BEGIN Supplied entries

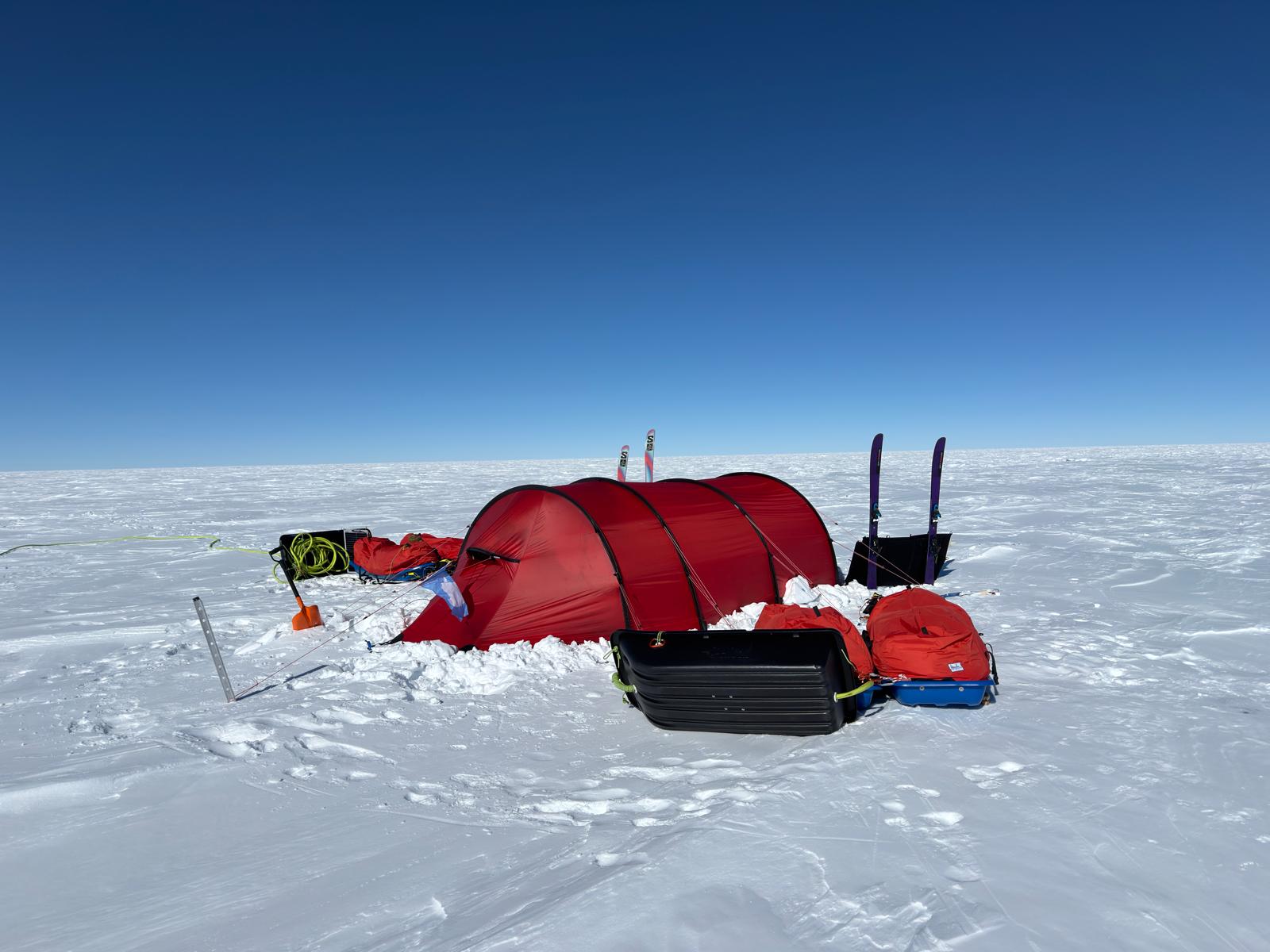 A tent and equipment in the snow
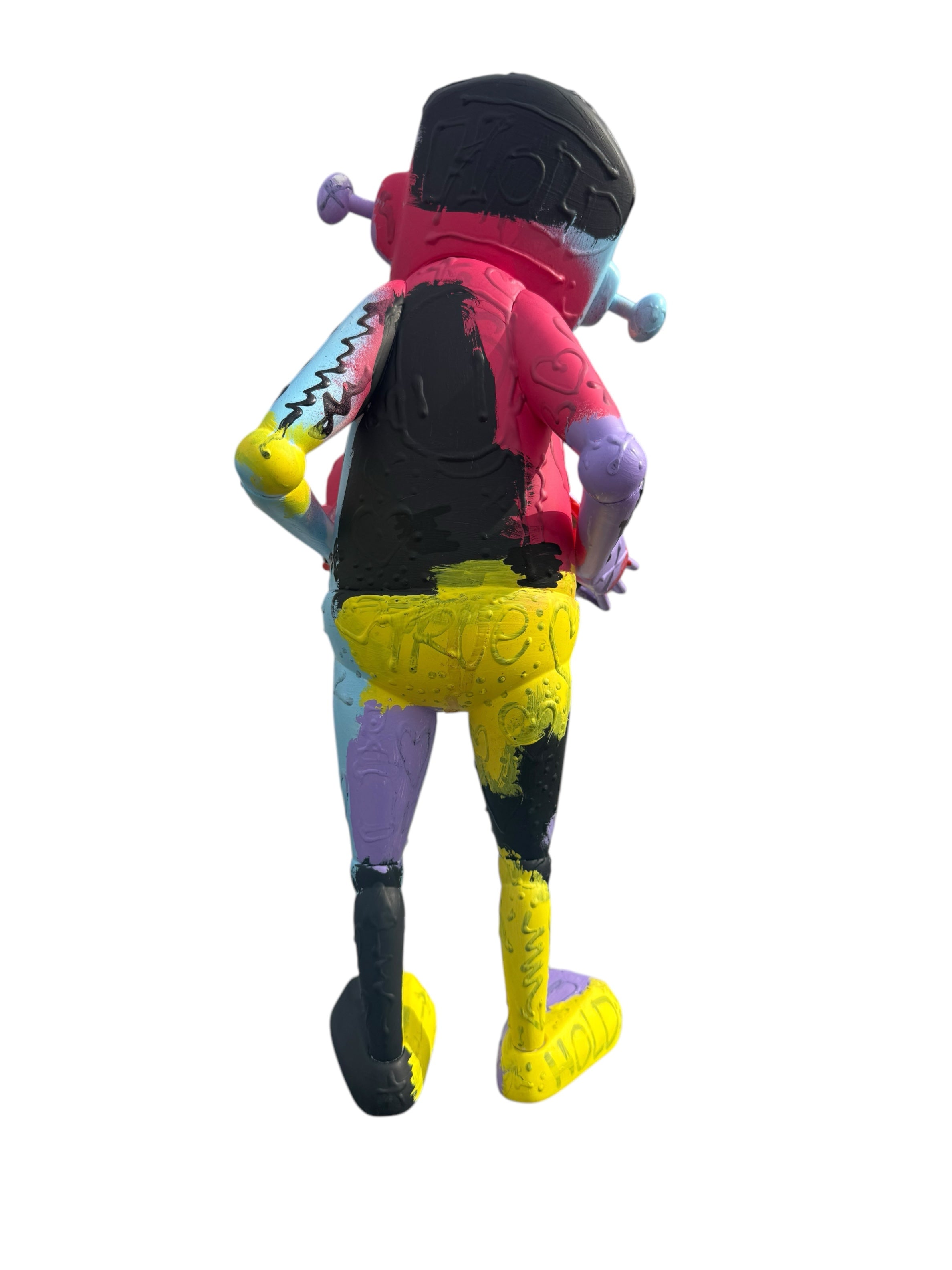 Back view of 'Time Will Tell - Where the smiles have been' by Chris RWK, a 15-inch limited-edition vinyl figure with graffiti-style scribbles and bright paint.
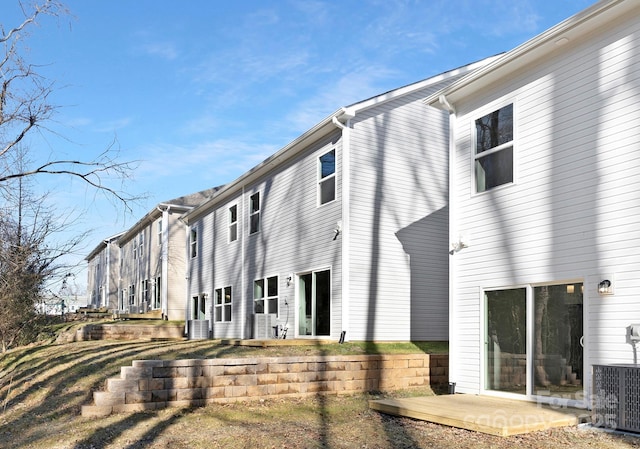 back of property featuring a patio and central AC unit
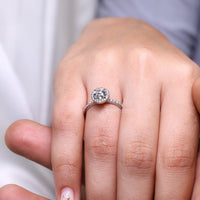 Round diamond pave ring with halo setting.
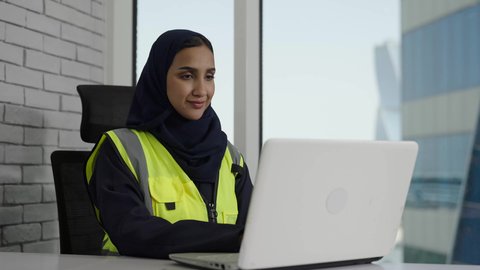 Achieving company goals, a veiled Saudi Arabian Gulf engineer wearing a protective vest works on her laptop with gestures of integration and focus, using modern technology, completing daily tasks in the office, Saudi women's professions and jobs.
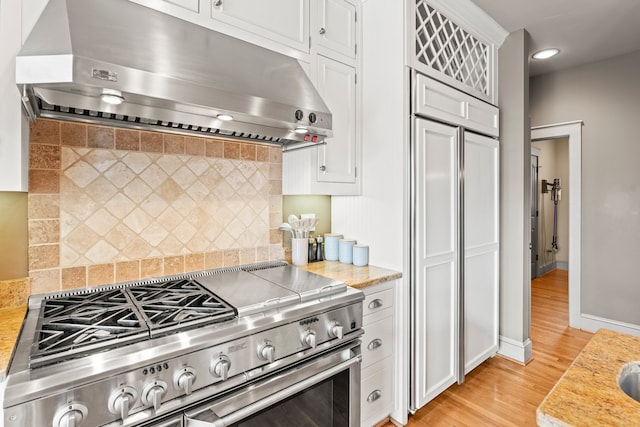 kitchen featuring light wood-type flooring, white cabinetry, backsplash, and high quality appliances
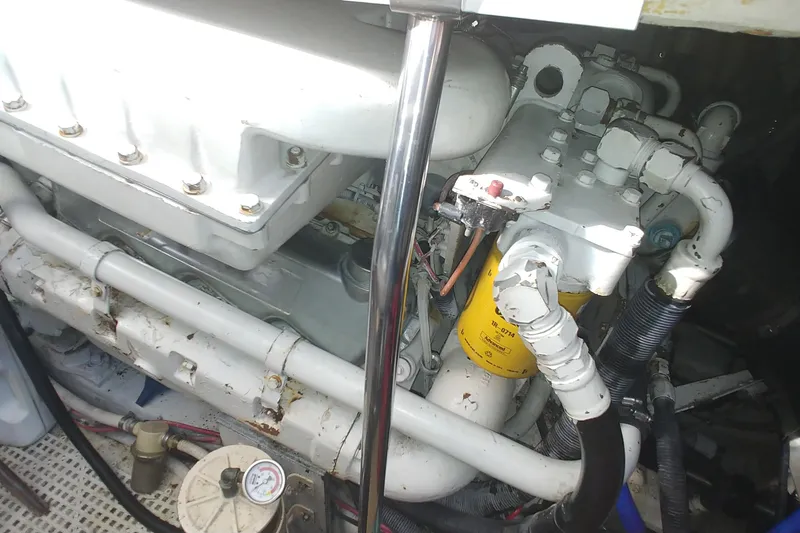 Slide: The Image of Engine compartment of a 1992 Tiara Yachts 3600 Open, showcasing mechanical components. - 8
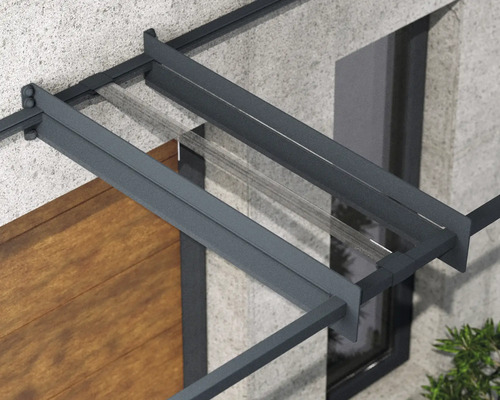 Detail vchodové stříšky s antracitovým hliníkovým rámem a průhlednou skleněnou výplní na fasádě domu.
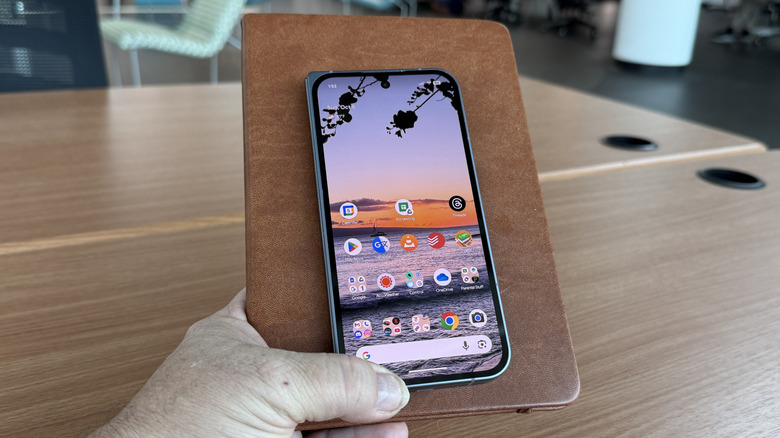 The Google Pixel 10 Pro Fold resting on a book.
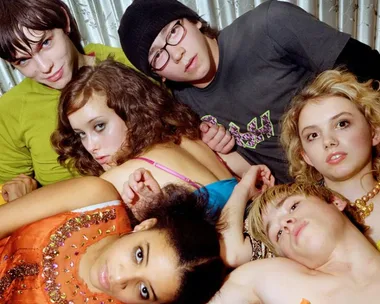 A group of young people from the TV show "Skins" lie together on a bed, looking at the camera.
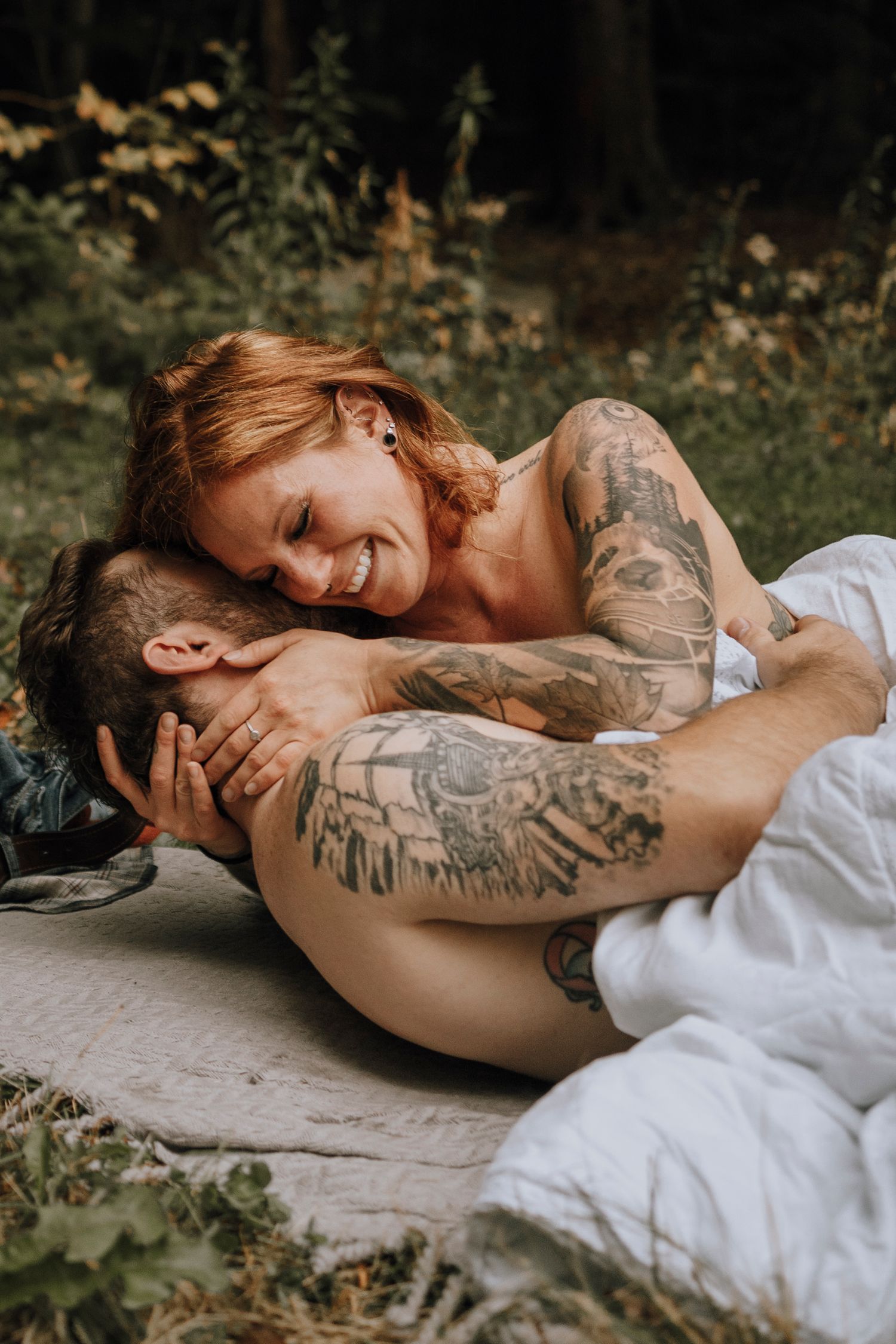 Romantic outdoor portrait of tattooed couple laying on blanket in garden setting.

END Supplied entries

■ **Work item**
Excluding the pictures, reproduce every entry exactly as given.

■ **Response area**
 A tent and equipment in the snow
 Back view of 'Time Will Tell - Where the smiles have been' by Chris RWK, a 15-inch limited-edition vinyl figure with graffiti-style scribbles and bright paint.
 back of property featuring a patio and central AC unit
 Round diamond pave ring with halo setting.
 Achieving company goals, a veiled Saudi Arabian Gulf engineer wearing a protective vest works on her laptop with gestures of integration and focus, using modern technology, completing daily tasks in the office, Saudi women's professions and jobs.
 kitchen featuring light wood-type flooring, white cabinetry, backsplash, and high quality appliances
 Slide: The Image of Engine compartment of a 1992 Tiara Yachts 3600 Open, showcasing mechanical components. - 8
 Detail vchodové stříšky s antracitovým hliníkovým rámem a průhlednou skleněnou výplní na fasádě domu.
 The Google Pixel 10 Pro Fold resting on a book.
 A group of young people from the TV show "Skins" lie together on a bed, looking at the camera.
 Romantic outdoor portrait of tattooed couple laying on blanket in garden setting.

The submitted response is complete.